|"She longed to feel something momentous.|
Sometimes her life seemed so little."
But then again so do all wives. However, not all secrets are lethal. And that's what Cecilia Fitzpatrick is hoping is hidden inside an envelope that she stumbled upon while looking for some relic of the Berlin Wall in the attic. The envelope was tucked away with some old bills instead of with the wills her and her husband had written years before. The yellowness of it makes her think it must be an old one. But the problem is her husband isn't dead and his reaction at his wife's mentioning of the letter makes her think she was not supposed to find it. In fact, she believes her husband lied to her when she asked him about it. And he practically begged her not to open it. You *know* Cecelia will end up opening it but it takes her a long time to get there. By then we are introduced to two other women whose lives will be affected by that terrible letter.

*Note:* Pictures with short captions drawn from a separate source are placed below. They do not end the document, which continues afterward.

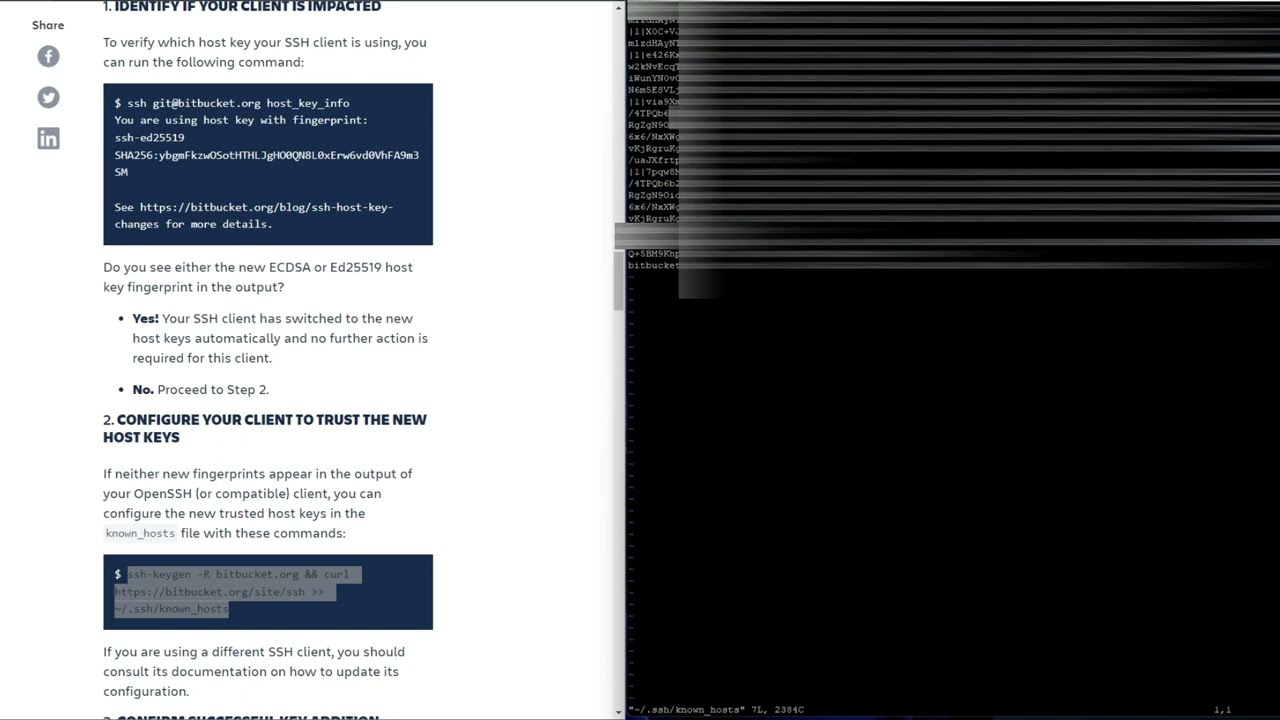 HOW TO FIX ATLASSIAN BITBUCKET SSH HOST KEYS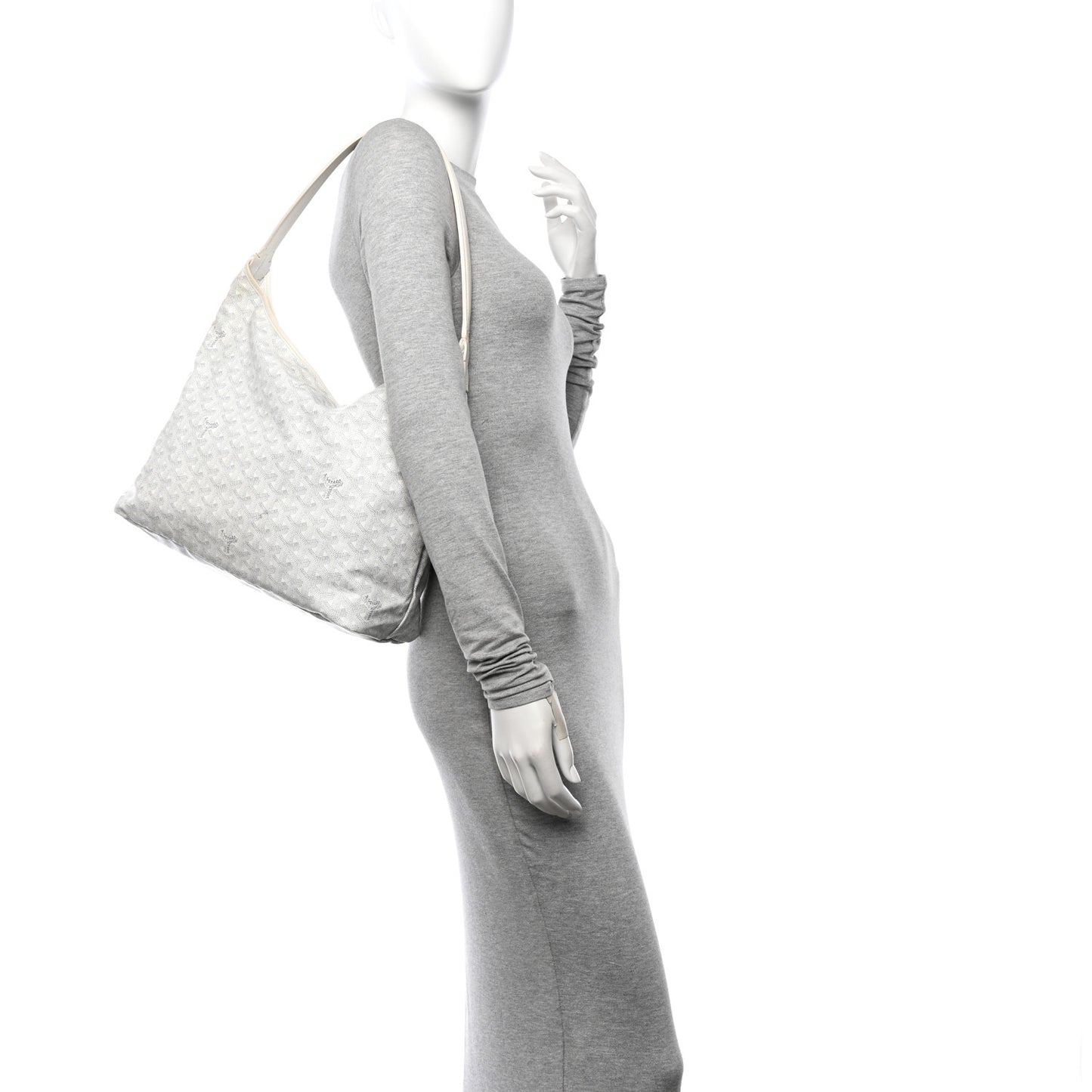 Goyardine Boheme Hobo White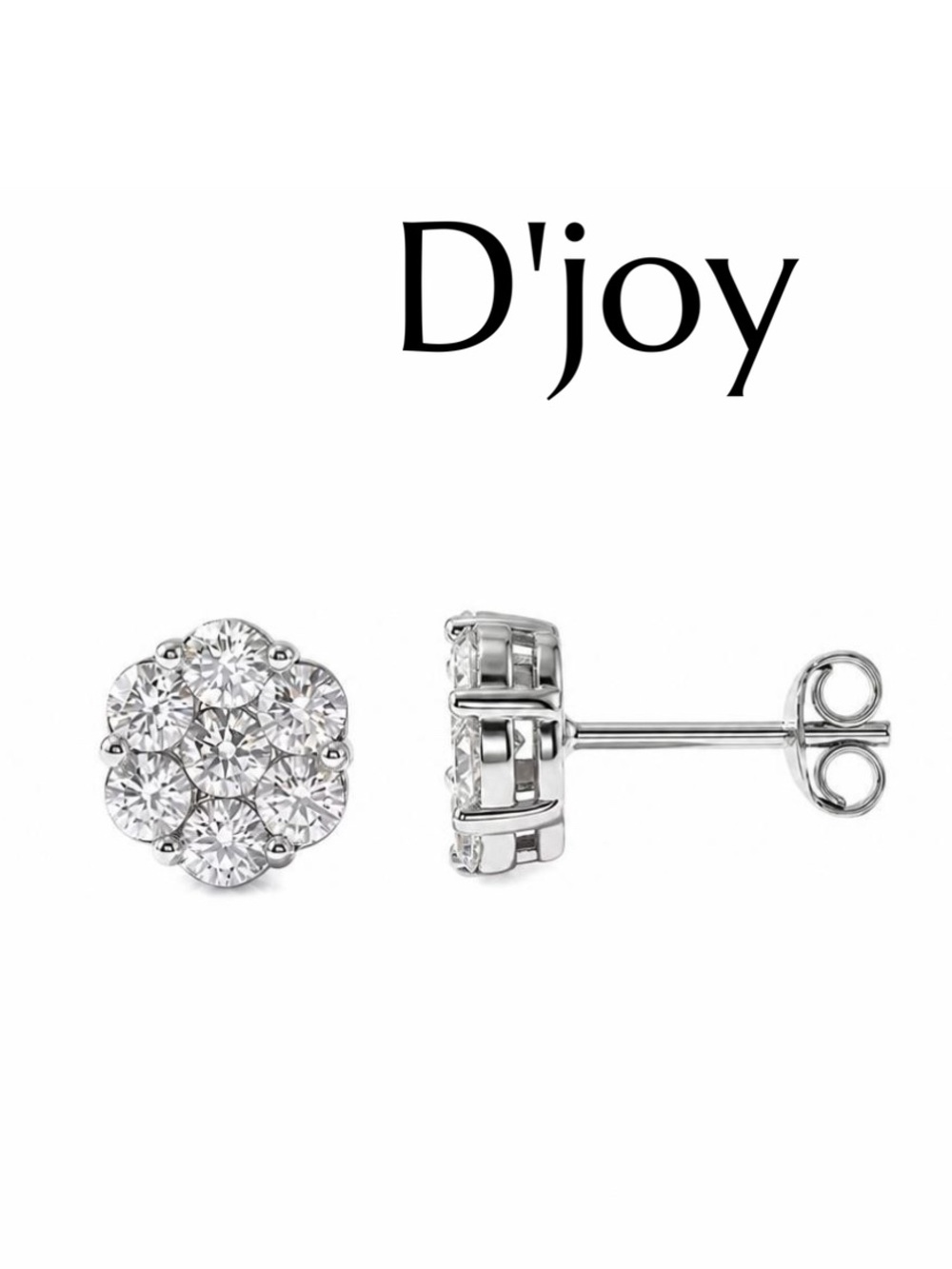 D'Joy Moissanite Floral Radiance Earrings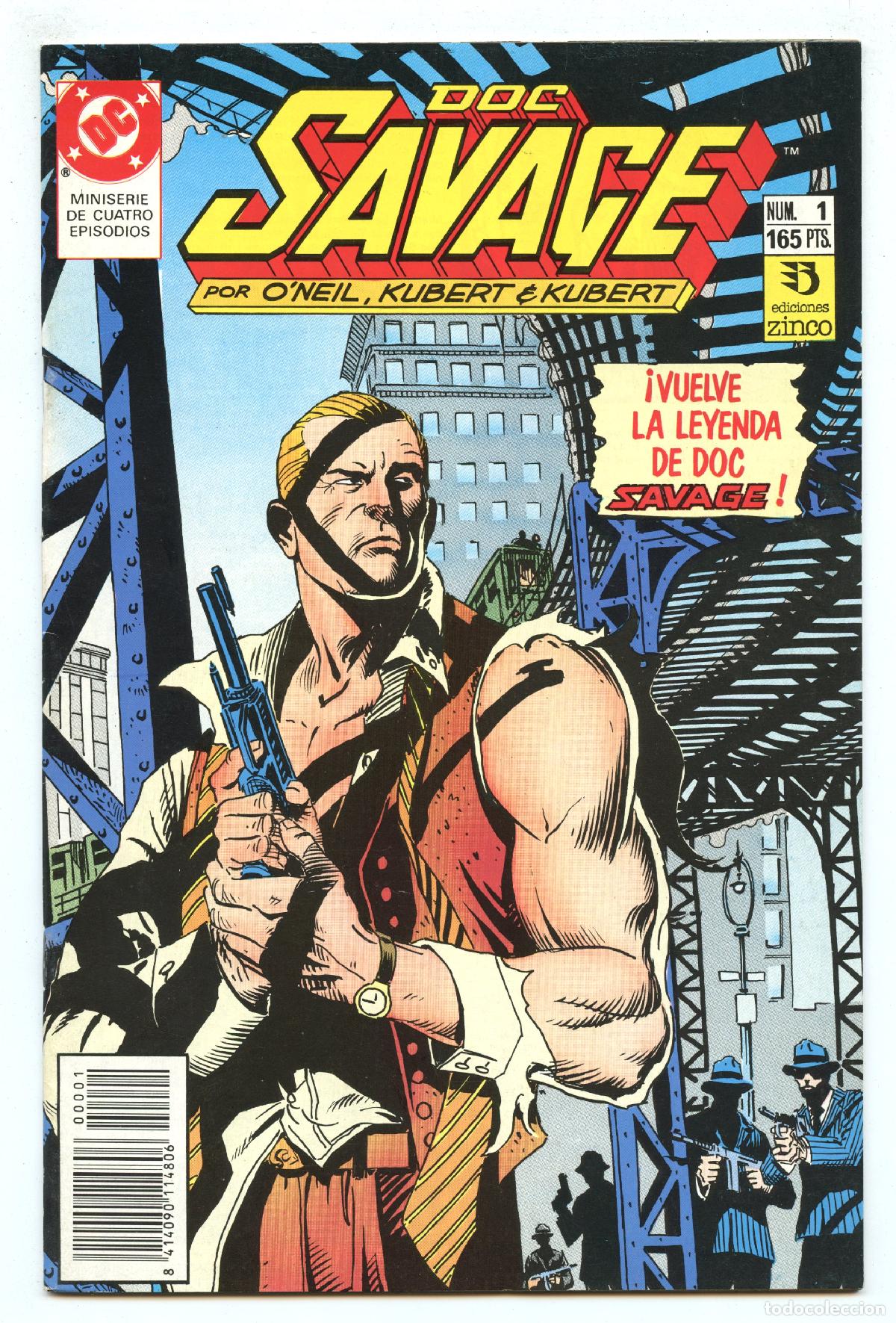 C&oacute;mics: DOC SAVAGE n.1 (Zinco, 1990) - Foto 1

"All these years there had been a Tupperware container of bad language in her head, and now she opened it and all those crisp, crunchy words were fresh and lovely, ready to be used."
Rachel Crowley is a very, very sad widow who after losing her daughter also lost her husband. Now the only son she has left is happily married to Lauren (whom she all but likes) and they have given Rachel a new joy in her life - little Jacob. But because Lauren is being transferred to New York the whole family will be uprooted and they will leave Melbourne. They act like it's just for two years but Rachel is crushed, believing she has nothing else to live for after Jacob is gone. And to top it all, police refuse to take her seriously when she keeps telling them who is responsible for her daughter's death.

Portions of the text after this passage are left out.